Pere Beret fell to eating right heartily, meantime handing Jean
a liberal piece of the luscious pie.
"It is good, my daughter, very good, indeed," the priest
remarked with his mouth full. "Madame Roussillon has not
neglected your culinary education." Alice filled a glass
for him. It was Bordeaux and very fragrant. The bouquet reminded
him of his sunny boyhood in France, of his journey up to Paris
and of his careless, joy- brimmed youth in the gay city. How far
away, how misty, yet how thrillingly sweet it all was! He sat
with half closed eyes awhile, sipping and dreaming.
The rain lasted nearly two hours; but the sun was out again when
Pere Beret took leave of his young friend. They had been having
another good-natured quarrel over the novels, and Madame Roussillon
had come out on the veranda to join in.
"I've hidden every book of them," said Madame, a stout
and swarthy woman whose pearl-white teeth were her only mark of
beauty. Her voice indicated great stubbornness.

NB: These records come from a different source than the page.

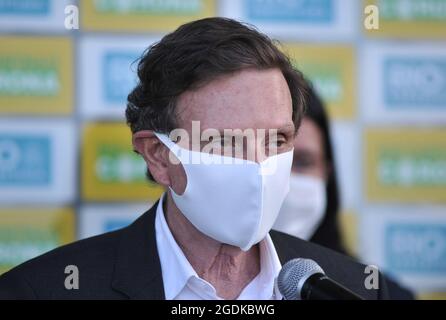 Rio de Janeiro, Rio de Janeiro, Brésil. 13 août 2021. Archive* (INT) Gilmar Mendes, ministro do Supremo Tribunal fédéral, manda devolver passaporte do ex-prefeito do Rio Marcelo Crivella. 13 août 2021, Rio de Janeiro, Brésil : ancien maire de Rio de Janeiro Marcelo Crivella, photo prise le 11 mai 2020. Le juge Gilmar Mendes, de la Cour suprême fédérale, a décidé vendredi (13) le retour du passeport de Crivella. Avec cela, l'ordonnance interdisant son départ du pays est révoquée. (Credit image: © Saulo Angelo/TheNEWS2 via ZUMA Press Wire) Banque D'Images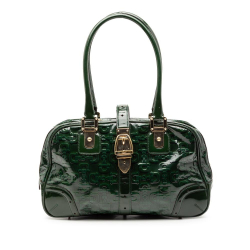 Gucci B Gucci Green Dark Green Patent Leather Leather Patent Horsebit Glam Shoulder Bag Italy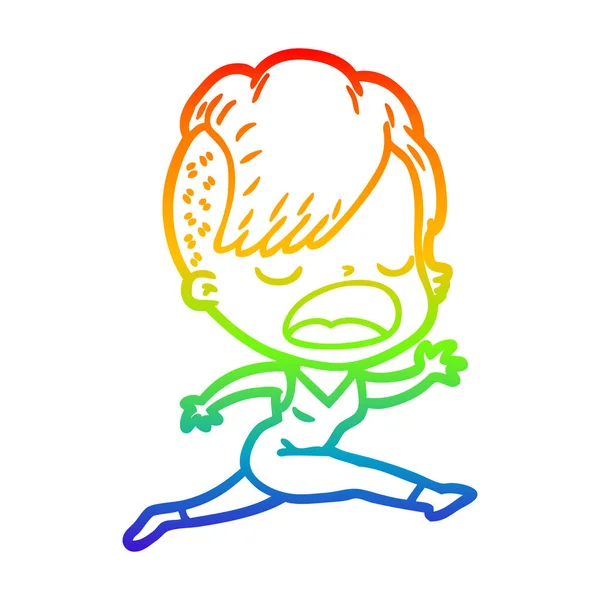Rainbow gradient line drawing cartoon cool hipster girl talking — Stock Vector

"Good, good, you have done your very duty, Madame,"
said Pere Beret, with immense approval in his charming voice.
"But, Father, you said awhile ago that I should have my own
way about this," Alice spoke up with spirit; "and on
the strength of that remark of yours I gave you the pie and wine.
You've eaten my pie and swigged the wine, and now--"
Pere Beret put on his straw cap, adjusting it carefully over the
shining dome out of which had come so many thoughts of wisdom,
kindness and human sympathy. This done, he gently laid a hand
on Alice's bright crown of hair and said:
"Bless you, my child. I will pray to the Prince of Peace
for you as long as I live, and I will never cease to beg the Holy
Virgin to intercede for you and lead you to the Holy Church."
He turned and went away; but when he was no farther than the gate,
Alice called out:
"O Father Beret, I forgot to show you something!"
She ran forth to him and added in a low tone:
"You know that Madame Roussillon has hidden all the novels
from me."
She was fumbling to get something out of the loose front of her
dress.
"Well, just take a glance at this, will you?" and she
showed him a little leather bound volume, much cracked along the
hinges of the back.
It was Manon Lescaut, that dreadful romance by the famous Abbe
Prevost.
Pere Beret frowned and went his way shaking his head; but before
he reached his little hut near the church he was laughing in spite
of himself.
"She's not so bad, not so bad," he thought aloud, "it's
only her young, independent spirit taking the bit for a wild run.
In her sweet soul she is as good as she is pure."